WHAT IS REQUIRED
In the records below, find each line that holds "Gold" and return it.

[Caption-style text data]
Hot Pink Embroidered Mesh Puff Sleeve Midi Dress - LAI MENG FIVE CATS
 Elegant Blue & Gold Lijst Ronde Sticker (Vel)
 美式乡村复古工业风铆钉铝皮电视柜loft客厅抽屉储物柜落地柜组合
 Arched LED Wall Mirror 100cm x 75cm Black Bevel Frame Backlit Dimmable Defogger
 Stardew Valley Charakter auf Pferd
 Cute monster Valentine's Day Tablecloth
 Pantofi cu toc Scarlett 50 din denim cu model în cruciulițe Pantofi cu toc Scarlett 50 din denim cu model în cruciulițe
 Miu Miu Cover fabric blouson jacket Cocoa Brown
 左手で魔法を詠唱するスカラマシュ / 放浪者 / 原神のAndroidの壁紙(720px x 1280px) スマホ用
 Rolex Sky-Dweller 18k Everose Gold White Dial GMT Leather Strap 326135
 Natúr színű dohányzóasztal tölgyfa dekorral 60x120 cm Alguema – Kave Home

TASK ANSWER
 Elegant Blue & Gold Lijst Ronde Sticker (Vel)
 Rolex Sky-Dweller 18k Everose Gold White Dial GMT Leather Strap 326135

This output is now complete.